Baumann streitet Vorwürfe ab

Dieser sei jedoch nicht bei der angeblichen Feier am Abend im Bierkeller dabei gewesen, so der Regens. "Wir haben keinen Zeugen, der uns das bestätigen kann." Klar sei nur, dass drei Bewohner nach einer Gebetsveranstaltung in Würzburg sowie nach einem Konzert der Band "Frei.Wild" zusammengesessen hätten. Insgesamt richten sich die Vorwürfe laut Baumann gegen vier bis fünf Bewohner des Seminars.

Den Musikern von "Frei.Wild" wird rechtsradikales Gedankengut vorgeworfen, sie selbst distanzieren sich davon. Überhaupt ist die Anschuldigung, es gebe bei manchen Seminaristen einen Hang zu Musik der rechten Szene schwer zu klären. Von CDs mit Hakenkreuz wisse er nichts, so Baumann. Im Bierkeller habe es nur eine CD mit Marschmusik und der Deutschlandfahne auf dem Cover gegeben, frei im Handel erhältlich. Ebenso wenig klar ist, ob einige Alumnen für Uniformen aus der Zeit des Dritten Reiches schwärmten und den Paradeschritt der Wehrmacht nachahmten.
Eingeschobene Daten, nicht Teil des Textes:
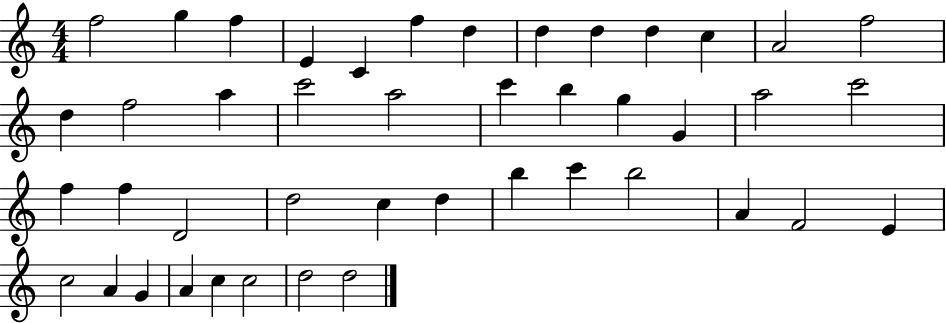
F5/h G5/q F5/q E4/q C4/q F5/q D5/q D5/q D5/q D5/q C5/q A4/h F5/h D5/q F5/h A5/q C6/h A5/h C6/q B5/q G5/q G4/q A5/h C6/h F5/q F5/q D4/h D5/h C5/q D5/q B5/q C6/q B5/h A4/q F4/h E4/q C5/h A4/q G4/q A4/q C5/q C5/h D5/h D5/h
Vorwürfe kamen aus dem Priesterseminar

Die Informationslage ist schwierig: Viele Einzelgespräche habe er geführt, berichtet der Regens. Denn die Anschuldigungen seien aus dem Priesterseminar selbst gekommen. Dabei sei unter anderem auf Erzählungen verwiesen worden, die an der Würzburger Universität kursierten. Aber auch Verantwortliche einer Studentenverbindung, in der angehende Priester Mitglied sind, hätten sich nach dem Gedankengut von zwei Personen erkundigt.

Alles in allem scheinen die Vorwürfe nicht komplett aus der Luft gegriffen zu sein. In einer sogenannten "Instructio" vom 14. Mai hat der Regens den Bewohnern deutlich gemacht, dass Judenfeindlichkeit und diskriminierende Aussagen und Handlungen gegenüber Ausländern nicht dem christlichen Menschenbild entsprächen. Vielmehr sind diese "unkatholisch" und "für Priester und Kandidaten nicht tragbar".

Priesterseminar mit jüdischer Geschichte

Gegenüber ihren Bischöfen hätten sich die Seminaristen erklärt. Außerdem hat Baumann dazu aufgefordert, sich eine Selbstverpflichtung aufzuerlegen. Diese soll von jenen, die die Vorwürfe erheben, und von den Beschuldigten erarbeitet werden. Der Würzburger Generalvikar Karl Hillenbrand hat in einem Brief wissen lassen, dass das Erzählen von Judenwitzen und Zusammenkünfte, die an Nazirituale erinnern, nicht toleriert werden. Auch stellte er die Frage nach der geistlichen und menschlichen Reife solcher Bewerber für das Priesteramt. Wenn es daran fehle, seien solche Leute "nicht qualifiziert".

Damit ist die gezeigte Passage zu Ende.